Yesterday, Ontarians rejected a new, more democratic system that would enhance the power of voters.
Why? Fear. Fear of something new. Fear of something a bit too complicated for comfort.
All arguments put forward to defend First Past the Post and defame Mixed Member Proportional can be boiled down to fear.
This is yet another example of the current shameless trend of rationalization, or "truthiness", meaning thinking with your gut (or places south of it) and then dreaming up something pseudo-logical to defend that gut feeling. Mr. Bush's neocons perfected the art, and now Ontarians have borrowed a page from his book.
Some things you may have heard about MMP:
"It's too complicated."
Really? And you drive a car?
"Parties can appoint whoever they want, and we'll have hacks not accountable to voters."
Yes, they might, even though most parties have promised to elect candidates as they do now.
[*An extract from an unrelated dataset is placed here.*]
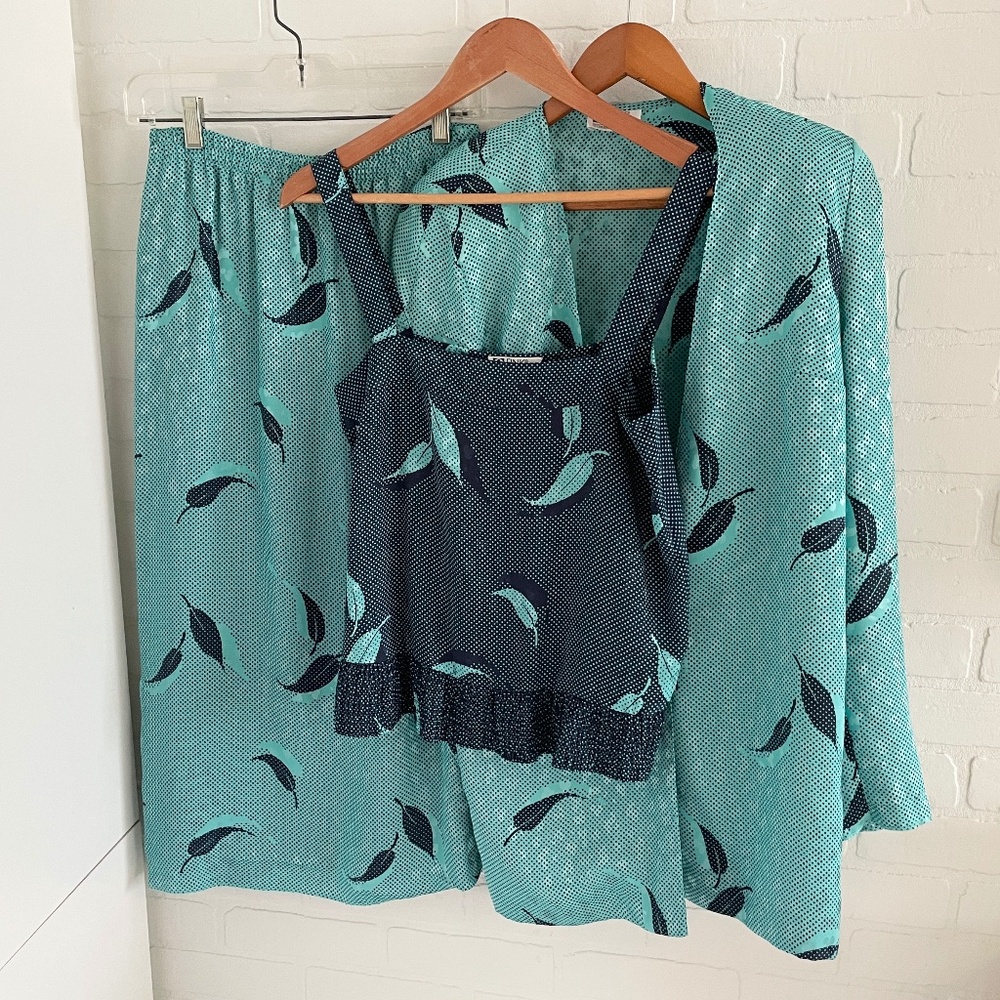 Vintage 80s Matching Set (3 pieces) Blazer Cami Midi skirt Iridescent Blue Sz S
But if you don't like that you can directly punish them at the polls, which today is not a clear option. Look at the rest of the world, has this fear been realized? No.
"Majorities will become extinct, and they are needed to force change."
If someone deserves a majority, like Danny Williams, MMP will give them one. Otherwise, minority governments will force the benefits of compromise, creativity and deeper analyses of issues. This is sure to be a better long-term strategy than the juvenile tactics seen today. Recall the actions of recent Ontario majorities, from wholesale Conservative sell-offs to private nepotism to the Liberal's wildly unpopular health tax. Are actions like this worth keeping?
Fear won today, and in the long run we all lose. Our children will not thank us for using our guts instead of our brains.